MMMs are powerful models and that means they’re subject to what modelers call “over-fitting”. The idea is that you can build a model that fits really, really well to the data that the model is trained on, but that hasn’t found the actual underlying causal relationships in the data.
Over-fitting happens when the model is “too powerful” and fits to noise in the data, instead of the signal. And if your model is too overfit, it will be fit only to noise and will miss out on the signal entirely.
This article will cover the main reasons behind model overfitting, explore the misleading nature of in-sample R-squared, and touch on out-of-sample validation as a practical method to validate your media mix modeling.
What is Overfitting in MMM
Overfitting is a critical challenge in Marketing Mix Modeling (MMM) that happens when models capture noise instead of the true underlying relationships in the data. This phenomenon happens when the model is “too powerful,” fitting closely to the training data but failing to generalize to new, unseen data. As a result, the model picks up on random fluctuations and patterns that do not reflect the actual causal factors influencing sales.
What that means in practice is that the results we get from the model will be wrong. They will not be driven by the true causal signal in the data, and instead just by noise. And then, when we go to actually use the model to make budget changes, we could end up costing our business millions of dollars.

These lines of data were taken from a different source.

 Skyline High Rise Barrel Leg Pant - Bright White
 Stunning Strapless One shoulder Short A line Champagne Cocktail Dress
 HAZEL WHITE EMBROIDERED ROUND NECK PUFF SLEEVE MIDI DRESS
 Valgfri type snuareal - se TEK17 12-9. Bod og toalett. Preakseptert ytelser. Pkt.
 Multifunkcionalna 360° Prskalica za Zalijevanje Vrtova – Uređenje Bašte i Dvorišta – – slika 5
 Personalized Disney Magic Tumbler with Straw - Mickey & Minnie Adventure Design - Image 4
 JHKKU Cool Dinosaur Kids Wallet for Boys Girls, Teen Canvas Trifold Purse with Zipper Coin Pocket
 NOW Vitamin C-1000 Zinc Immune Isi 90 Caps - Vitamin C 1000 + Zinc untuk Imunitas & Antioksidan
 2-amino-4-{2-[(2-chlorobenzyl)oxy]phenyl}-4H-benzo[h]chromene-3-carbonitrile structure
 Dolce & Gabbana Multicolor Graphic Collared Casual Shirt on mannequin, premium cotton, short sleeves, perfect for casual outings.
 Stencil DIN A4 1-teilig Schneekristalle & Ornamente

One common way overfitting can happen is when there are too many independent variables included in the model. While more variables might seem beneficial, it actually often leads to the model capturing noise instead of the true signal.
For example, you can get a high R-squared — the metric that shows the amount of variation in the dependent variable explained by the model — by simply adding variables with random noise. These random variables might coincide with portions of sales data and give the illusion of a good fit but the high R-squared value is misleading since it doesn’t indicate the model’s ability to predict future outcomes accurately.
Another example of overfitting is the use of dummy variables to artificially boost R-squared.
For example, adding meaningless dummy variables on days when the model has the biggest misses can drive up the R-squared value. This approach might make the model appear to explain most of the variance in the dependent variable but it actually injects biases and reduces the model’s predictive power by focusing on noise rather than signal.
But isn’t having a high R-squared value a good thing?
That’s a common misconception – let’s clear that up.
The Misleading Nature of In-Sample R-Squared
In-sample R-squared is a commonly used metric in Marketing Mix Modeling (MMM) to measure the goodness of fit. It indicates the proportion of the variation in the dependent variable that is explained by the model.
A high in-sample R-squared is frequently misinterpreted as a sign of a superior model. Many believe that a higher R-squared value means the model is better at explaining the data.
However, this is just not true.
In-sample R-squared measures how well the model fits the training data, but it does not guarantee that the model will make accurate predictions on new, unseen data.
We’ve seen that evaluating a model solely on fit metrics like R-squared, MAPE, or RMSE can lead to overfitting. You can have a terrible model that has a really high R-squared, and you can have a great model that has a really low R-squared.
To add to that, traditional fit metrics such as Mean Absolute Percentage Error (MAPE) and Root Mean Squared Error (RMSE) can also be deceptive. Just like R-squared, these metrics tend to improve as more variables are added to the model, but this improvement often comes from capturing random fluctuations rather than meaningful patterns. The model ends up being tailored to the idiosyncrasies of the training data, leading to poor generalization when applied to new data.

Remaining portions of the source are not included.